兄の子を妊娠しました。でも私以外、まだ知りません 〜禁断の林檎を残せるほど、私は大人じゃないから〜

今日が、最後と決めていた。
別れを告げなくてはいけない。
私と彼は決して、結ばれてはいけなかった。
神が、それを許さないと、私は知ってしまった。


「やめて……!」
「だめだ、俺から離れるなんて、許さない」


彼はいつものように私の足を開き、彼の分身を入れる。

「あっ……!」
「好きだ、羽奏……!」


彼に与えられる絶頂をこらえながら、私は時を待つしかなかった。
彼が唯一油断をする時間を。
全てを私の中に吐き出した、その後を……。
全てが終わったあと、彼は大きなため息をつく。
それからすぐ、私をぎゅって抱きしめてくれる。


「すっごく可愛かったよ、羽奏」


って、耳元で囁いてくれる。
私はそうされるのが、大好き。

このまま、死んじゃってもいいって……思うくらい。

「ねえ、刀馬くん」
「何?」

いつもの私なら、言葉は決まってる。


「大好きだよ」


だけど、今日は違う。
言わないといけない。


「私たち、付き合っちゃいけなかったんだよ」


って。


だって、私たちがエッチするのは……



許されないことだと、知ってしまったから。
刀馬くんと私が付き合ったのは
ごくごく普通のきっかけ。

同じ塾に通う、高校生同士。


本当に、びっくりするくらい普通。


ただ、志望校は全く違った。

刀馬くんは、一流の大学狙いで、毎日遅くまで勉強していたらしい。
一方で私は、とくにやりたいこともなかったから、ゆる〜く通える大学に適当に入ればいいのかな……くらいにしか思ってなかった。

そんな私たちだ。
きっかけがなければ、決して交わることはなかったかもしれない。
むしろ、交わらない方が、良かったのかもしれない。

だけど、私たちは出会ってしまったのだ。
運命が、私たちをそうさせたのだろうと、刀馬くんは言ってくれたし、私も……そう思えた。

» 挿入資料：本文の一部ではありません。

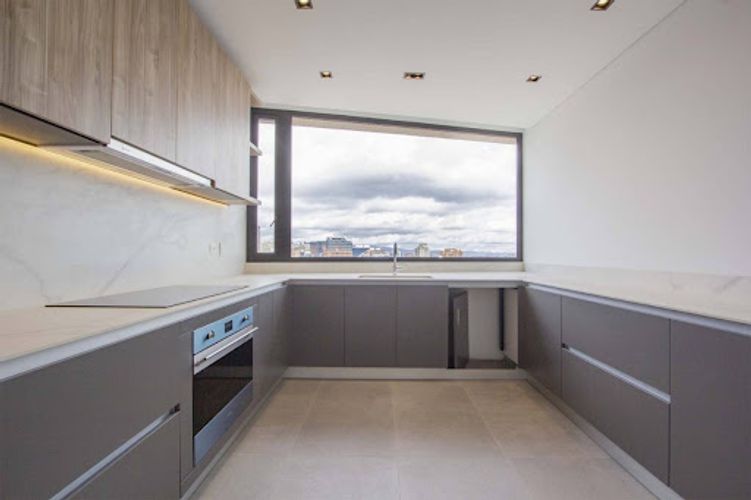 Apartamento de 3 alcobas en venta en La Cabrera, Bogotá, 241 m² · foto 10 de 24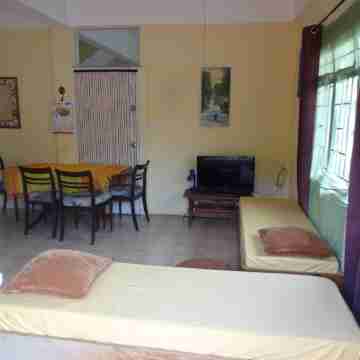 Breezy African Suite Rooms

運命という言葉を信じたくなるくらい、私たちはお互いを必要としたのだ。
最初に刀馬くんと私が出会ったのは、
大学受験のために通い始めた予備校の自習室。
偶然、隣同士になった。

すっごく、綺麗な男の子だなと思った。

真剣に教科書を見ている眼差しも。
ノートに書いている文字も。
全てが、綺麗すぎて、こんな人は私の周りにはいないなって、たった1日で思ってしまった。

一目惚れなんて、おとぎ話だと思っていた。
けれど、実際にあることを、この日知ってしまった。

私は人生で初めて、ノートと教科書に、本気で嫉妬した。
こんな風に見つめられたら、どんなに良いだろうかと思ったから。


まさかこの時、刀馬くんも同じ事を考えてくれたなんて……。
知った時は、本気で死んでもいいって、思った。
「一緒に帰らない?」

刀馬くんが、帰り道誘ってくれたのは、私たちが出会ってから1週間後のこと。

その間、刀馬くんと私が会えたのは、たったの2日だけ。
別に連絡先を交換したわけでもない。
約束をしたわけでもない。

でも、会えてしまった。
私が行く先に、彼がいてくれた。


それだけだったとしても、私たちの距離が近づくには十分すぎる。
その日の帰り道。
私たちは自然に手を繋いだ。
そうして誰もいない公園にいつの間にか立っていた。

言わなくてもわかってしまったのだ。
お互いが何を求めているのか。

ベンチに座り、お互いを見つめてから、初めてのキスをした。
街灯の真っ白い灯に照らされた彼の顔は、やっぱりとても綺麗だった。

「好き」

自然に言えた。

「うん」

彼は、恥ずかしそうに頷いてから、またキスをしてくれた。

何度も。

何度も。

何度も。


こんなに気持ちいいことがあるのかと、私は彼に教えてもらった。